The helper streams sessions via atlas.training_data, converts trajectory events into chat-format messages, and produces Hugging Face datasets on the fly—no JSONL export required.
Step 4: Train with GRPO
# Launch training
scripts/launch.sh 4 src/atlas_core/configs/recipe/teacher_rcl.yaml \
model_name_or_path=checkpoints/sft/final
See GRPO Training Guide for complete training pipeline.

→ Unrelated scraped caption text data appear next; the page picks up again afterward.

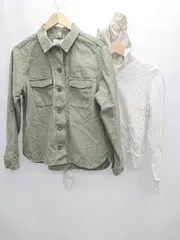 ◇ Θ URBAN RESEARCH シアー ジャケット ジップアップパーカー アンサンブル サイズF カーキ系 ライトグレー レディース P  【1409250020124】のサムネイル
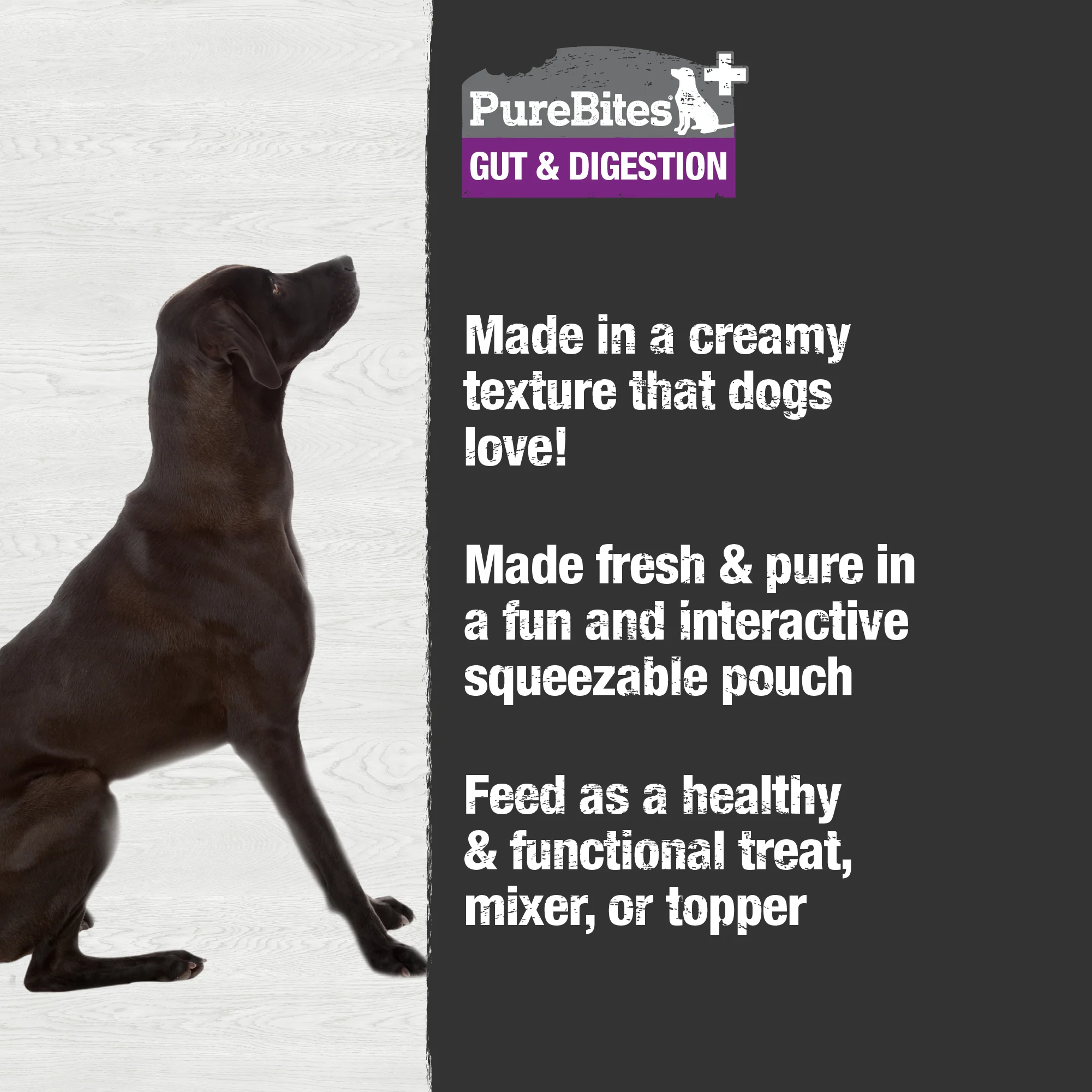 PureBites+ Gut & Digestion Squeezables for Dogs, only 5 Ingredients - Image 4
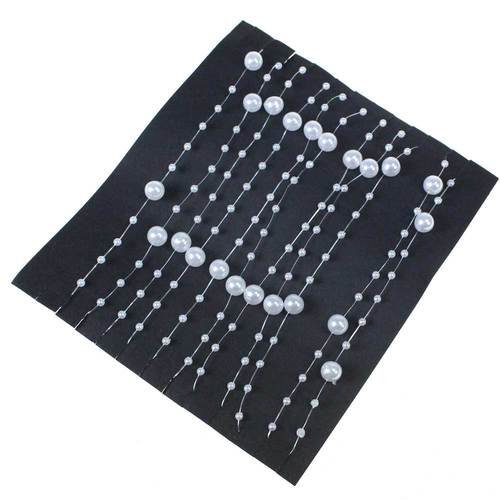 3m Perlengirlande 3+8mm Perlen Perlenkette Perlenschnur Perlenband Perlenstrang 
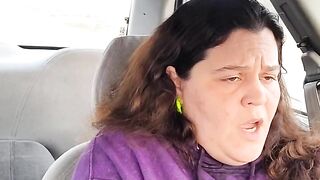 Horny Slut in Car Can't Wait Until Home to Get Off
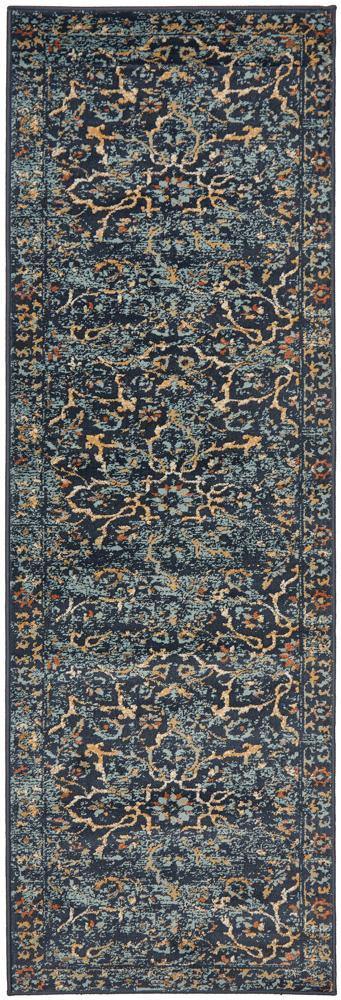 Oxford Mayfair Stem Navy Rug - House Things Oxford Collection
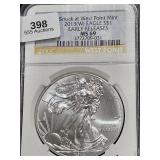 2013 W Eagle Early Releases $1 NGC MS69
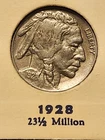 Nice 1928p Buffalo Nickel In XF. Sharp Strike, Full Horn, And Great Patina.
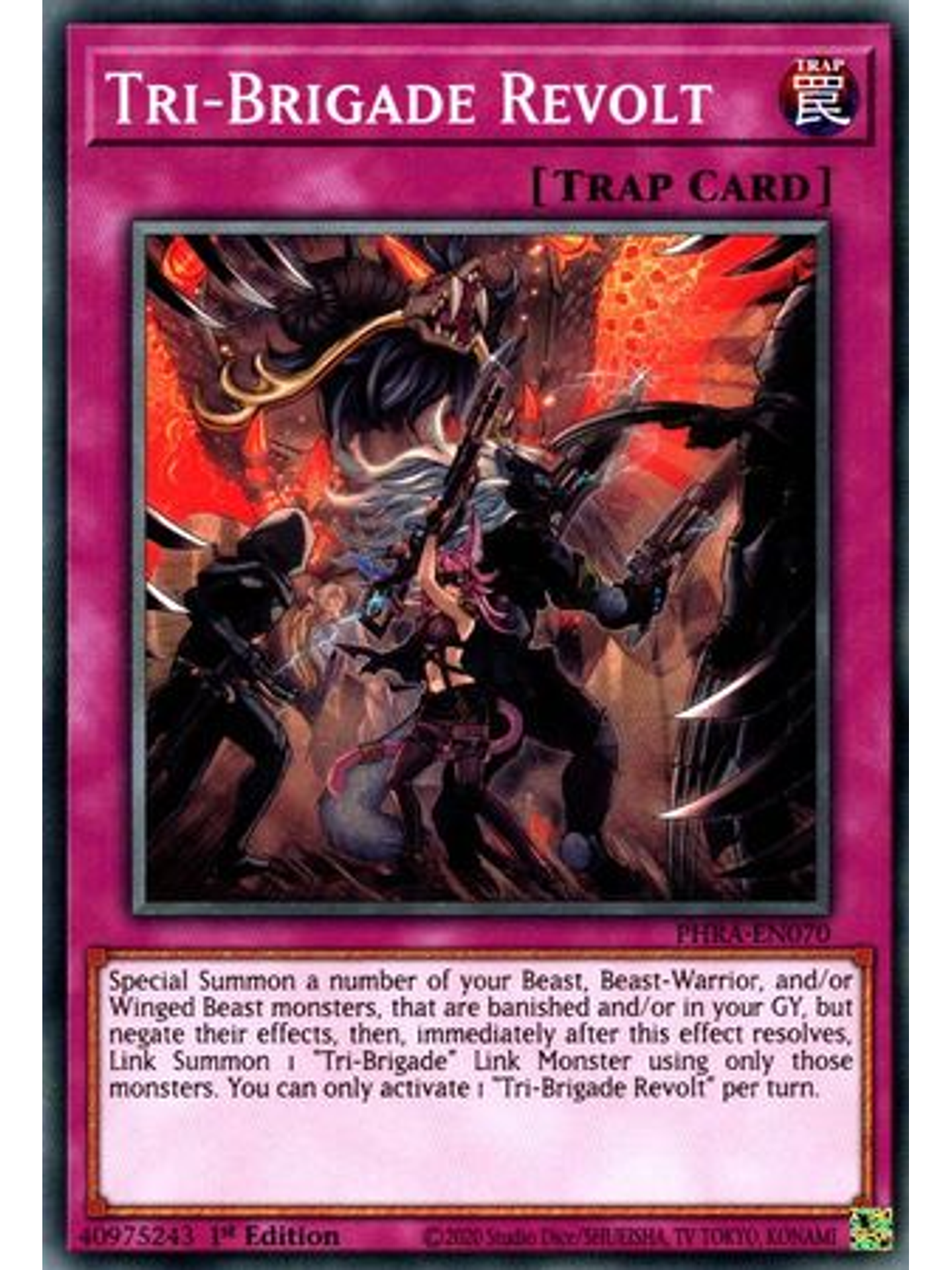 Tri-Brigade Revolt - PHRA-EN070 - Common 1st Edition 1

Migration from JSONL Export
Previous Approach (JSONL Files)
# Old: Export to JSONL first
arc-atlas \
--database-url postgresql://localhost:5433/atlas \
--output traces.jsonl \
--limit 1000
# Then load from JSONL
sessions = load_runtime_traces("traces.jsonl")
Direct Database Access
# New: Query directly
from atlas.training_data import get_training_sessions
sessions = get_training_sessions(
db_url="postgresql://localhost:5433/atlas",
limit=1000
)
Benefits:
- No intermediate JSONL files
- Filters applied at database level
- 10-100x faster queries with indexes
- No schema drift between SDK and training
Troubleshooting
| Error | Cause | Solution |
|---|
| Connection refused | PostgreSQL not running | Start Postgres: docker compose up -d postgres |
| Empty result set | No sessions match filters | Verify filters with count_training_sessions() |
| Memory error | Loading too many sessions | Use pagination with smaller batch sizes |
| Missing fields | SDK version mismatch | Upgrade to atlas-sdk ≥ 0.1.13 |
API Reference
Core Functions
# Sync variants
get_training_sessions(db_url, min_reward=None, max_reward=None, ...)
get_session_by_id(db_url, session_id)
count_training_sessions(db_url, min_reward=None, ...)
# Async variants
get_training_sessions_async(db_url, min_reward=None, ...)
get_session_by_id_async(db_url, session_id)
count_training_sessions_async(db_url, min_reward=None, ...)
# Pagination
paginate_sessions(db_url, batch_size=100, min_reward=None, ...)
Converter Functions
convert_session_dict_to_trace(session_dict)
convert_step_dict_to_trace(step_dict)